Ah, someday, I’ll have the luxury of recapturing my memories and using them to create art.  But until then, I’ll just have to figure out better ways to memorialize them, using mnemonics or technology or the discipline to hold them in my head until I can get to pen and paper (or fingers to keyboard, but I tend to scribble my thoughts rather than type them, even though I am a pretty fast typist).

* * ** *

A couple of thoughts about this week’s presidential debate, because it’s been heavy on my mind.  I knew Hillary would be better prepared, but for some inexplicable reason, I dreaded it, because Trump gets away with figurative murder and no one calls him out on it except left-leaning comedians.  And even when his lies and inadequacies are exposed, his supporters seem not to care.  Damn the “facts” and what they’ve seen with their own eyes and heard with their own ears!!  They just have a “feeling” about him or, more commonly, about how horrible Hillary is, which is another thing I do not understand.  I’ve read a number of think pieces on it, and I do think her femaleness is at the root (for a good analysis of this, see Larry Womack, “Stop Pretending You Don’t Know Why People Hate Hillary Clinton”, The Blog, The Huffington Post, 9/26/16 [http://www.huffingtonpost.com/larry-womack/stop-pretending-you-dont-_b_12191766.html]).  Don’t these Trump supporters realize they’re being played??  Trump doesn’t even WANT to be president.  He just wants to WIN.

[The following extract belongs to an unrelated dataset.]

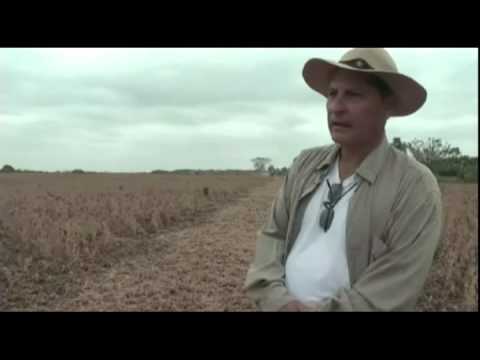 ¿Cómo mejorar la producción en el cultivo Soya? | Elproductor.com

But in the end, reason prevailed.  By every measure (despite the seemingly intelligent woman interviewed post-debate who believed it was a “draw” and that Trump showed himself to be a “man of action, an agent of change”; how any sane person could say that Trump performed well in this debate is incomprehensible to me), Hillary was the big victor in the much-anticipated showdown.  The man was unhinged!  He couldn’t put together a coherent sentence or thought.  Bragging, complaining, doom-and-glooming (“inner cities are hell”, our airports are “worse than the ones in third world countries”, he said, among many other things that he called “terrible” or “bad”), with nary a constructive suggestion to fix any of it, apart from his tax cut for the rich.

Whoopi Goldberg called Trump out on his inability to complete a sentence this morning on “The View”, which I caught for a brief moment while looking to see if pre-season Rangers hockey was on TV tonight – which it was!  It’s so great to watch Rangers hockey again and get excited about the coming season!  The NHL’s exhibition World Cup of Hockey was a tease, especially that exciting Team North America overtime win over Sweden last weekend, but now it’s time for REAL hockey.  And I’m also overjoyed that Optimum, my cable TV provider, has restored the real-time pause and rewind functions.  Now if they could just come up with the technology to link the DVR recording to the actual TV show so it never cuts off early and you don’t have to manually add 2, 5, 15, or 30 minutes to the “ending time” of a show, or when football games go long and delay the start time of shows.  But I can’t get greedy.  I’m certainly grateful for the improvements thus far.  I love having the ability to rewind and re-watch a good goal, and then be able to skip the inevitable car commercial — live!!